Die deutsche Wirtschaft geht in die Handelsauseinandersetzung in einer schwachen Verfassung. Im Februar sank die Produktion im produzierenden Gewerbe gegenüber dem Januar um 1,3 Prozent. Das trübte die Anfang des Jahres aufgekommenen Hoffnungen auf eine allmähliche Belebung der Konjunktur. Sowohl das Baugewerbe als auch die Industrie entwickelten sich im Februar schlecht. Der Auftragseingang im verarbeitenden Gewerbe stagnierte zuletzt. Dass der Warenexport im Februar um 1,8 Prozent gegenüber dem Vormonat stieg, lag nicht zuletzt an den Vorbereitungen auf die höheren Zölle: „US-Firmen haben gebunkert, die deutschen Firmen Lieferungen vorgezogen“, sagte Dirk Jandura, der Präsident des Handelsverbands BGA. Das dicke Ende komme aber noch, der Handelskrieg sei entfacht.

Im Kanzleramt meidet man dieses Wort bislang noch. „Wir wollen ja keinen Handelskrieg herbeiführen, sondern das Ziel sollte schon sein, eher Handelshemmnisse weiter zu senken“, sagte Regierungssprecher Steffen Hebestreit in Berlin. Man dürfe jetzt „nicht kurzfristig emotional reagieren“, warnte er. Ähnlich äußerte sich Helena Melnikov, Hauptgeschäftsführerin der Deutschen Industrie- und Handelskammer (DIHK): „Wir als Europäer sollten auf impulsive Aktionen weiterhin sehr entschlossen, aber auch besonnen und mit kühlem Kopf reagieren.“ Die EU müsse jetzt „umso engagierter“ die eigenen Hausaufgaben machen, die Handelshemmnisse innerhalb des europäischen Binnenmarkts beseitigen und neue, verlässliche Handelspartner gewinnen. „Diversifizierung ist kein Luxus mehr, sondern eine Notwendigkeit, um wirtschaftliche Resilienz zu sichern.“ Laut einer Analyse des Internationalen Währungsfonds entsprechen im Binnenmarkt nach wie vor bestehende Handelshemmnisse im Warenverkehr einem Zollsatz von 44 Prozent, im Dienstleistungsbereich sogar 110 Prozent.
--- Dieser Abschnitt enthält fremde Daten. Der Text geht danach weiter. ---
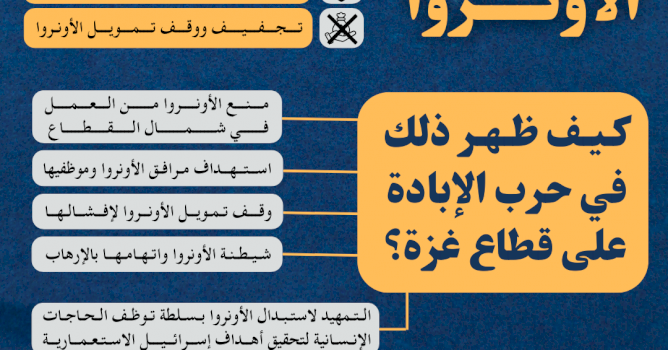 أركان مشروع تصفية الأونروا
Senkt die EZB den Leitzins?

Die Blicke richten sich nun auch auf die Reaktion der Europäischen Zentralbank (EZB) auf die Turbulenzen an den Finanzmärkten. Die Notenbank äußerte sich auf Anfrage nicht dazu. Sie bereitet derzeit die nächste Zinssitzung am 17. April vor. Am wahrscheinlichsten seien eine Zinssenkung im April und die Versicherung, die geldpolitischen Bedingungen wenn nötig weiter anzupassen, sagte Karsten Junius, Ökonom der Bank J. Safra Sarasin. Hauptaufgabe der Notenbank sei es, die Panik nicht weiter anzuheizen. Aus der Finanzkrise habe sie genügend Erfahrung mit steigenden Risikoprämien und illiquideren Märkten. Eine konzertierte Aktion mit anderen Zentralbanken hält er für unwahrscheinlich. Ohne die US-Notenbank Federal Reserve (Fed) wäre solch eine Aktion unglaubwürdig. Mit der Fed aber wäre dies im Moment nicht vorstellbar.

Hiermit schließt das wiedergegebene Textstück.